Hz.Resûlullah (salla’llâhü aleyhi ve sellem) ’den rivayet
edilen bir hadis-i kutsîde de “ Kul bana nafileler ile yaklaşmaya devam eder
ta ki onu severim. Onu sevince de onun duyan kulağı gören gözü ve konuşan dili
olurum.”buyurulmaktadır.
Bu halde kendine hâkim olamadığı için coşkusuna yenik düşen
kişi aklı ezelî olan Sultân’ın aydınlık nurunda yok olunca “Kendimi tenzih
ediyorum. Benim şânım ne yücedir!” ve daha önce dile getirilen benzer laflar
söylerse bundan dolayı suçlanmaz. Çünkü âşıkların sözlerinin üstü kapatılır, anlatılmaz(ifşâ edilmez).
Bir erkek kuş
dişisine kur yapıp kendisi ile beraber olmasını istemiş. Fakat dişi kuş bunu
kabul etmez. Bunun üzerine erkeği der ki “Ya bana itâat edersin ya da Hz.

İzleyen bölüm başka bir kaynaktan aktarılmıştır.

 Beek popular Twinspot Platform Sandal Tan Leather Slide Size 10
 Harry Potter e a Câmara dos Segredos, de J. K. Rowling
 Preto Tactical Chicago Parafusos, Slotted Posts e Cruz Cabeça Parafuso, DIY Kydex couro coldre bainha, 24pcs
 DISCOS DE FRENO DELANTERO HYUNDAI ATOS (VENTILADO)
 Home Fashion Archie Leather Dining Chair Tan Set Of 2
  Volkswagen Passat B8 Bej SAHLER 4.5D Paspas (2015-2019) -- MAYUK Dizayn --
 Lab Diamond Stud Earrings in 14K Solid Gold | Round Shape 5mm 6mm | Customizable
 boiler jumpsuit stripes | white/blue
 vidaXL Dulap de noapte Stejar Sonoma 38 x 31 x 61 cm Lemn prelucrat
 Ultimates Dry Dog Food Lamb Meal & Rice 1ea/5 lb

Süleyman’ın mülkünün altını üstüne getiririm.” Bunun üzerine rüzgâr o sözü Hz.
Süleyman (a.a)’a götürdü. Hz. Süleyman (a.s.) da o kuşu huzuruna çağırdı. Ve
bunu ondan sordu. O da “Ey Allah’ın peygamberi! Âşıkların sözü anlatılmaz”

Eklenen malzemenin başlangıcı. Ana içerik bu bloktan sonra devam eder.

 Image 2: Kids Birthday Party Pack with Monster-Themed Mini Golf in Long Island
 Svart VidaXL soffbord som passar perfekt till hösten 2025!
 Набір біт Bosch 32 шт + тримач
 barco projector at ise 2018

deyince Hz. Süleyman bu cevabı beğendi.
Bütün bu sorunlu ifâdeler risâlenin çeşitli bölümlerinde
serpiştirilmiş bir şekildedir. Eğer bu ifâdelerin öncesine ve sonrasına
bakılırsa itiraz edilecek hiçbir şeyin olmadığı anlaşılırdı. Allah (c.c.)’ın
ayetleri ve Resûlullah (salla’llâhü aleyhi ve sellem) ’ın hadislerinin farklı
yerlerinde Allah (c.c.)’ın sıfatları ile ilgili öyle ifâdeler ve lafızlar var
ki eğer bunlar - asıl bağlamlarından koparılıp bir araya getirilip zikredilse
şüphe, kuruntu ve delâlet ehlinin yaptığı gibi yanılgıya düşülür ki bu
kalplerde büyük bir tesir bırakır. Eğer her kelime illeti ile beraber uygun bir
şekilde yerinde kullanılırsa, ne onu duyan kulak bunu yadırgar ne de fıtrat onu
çirkin görür. Allah (c.c.) hakkında öyle mücmel ifâdeler var ki bunlar doğruya
veya hataya yorumlanabilecek tarzdadır. istiva, nüzûl, gadap, rızâ,
muhabbet, şevk, sevinme, gülme, hoşlanmama ve tereddüt etme gibi. Ve yine suret,
yüz, göz, el, parmak, duyma ve görme gibi ifâdeler de bunlardandır. Allah-u
Teâlâ’nın, Kur’an-ı Kerim’de “Kim Allah (c.c.) ’a güzel bir borç vermek
isteri” Veya “Kullarının tövbesini kabul eder ve sadakaları da alır.”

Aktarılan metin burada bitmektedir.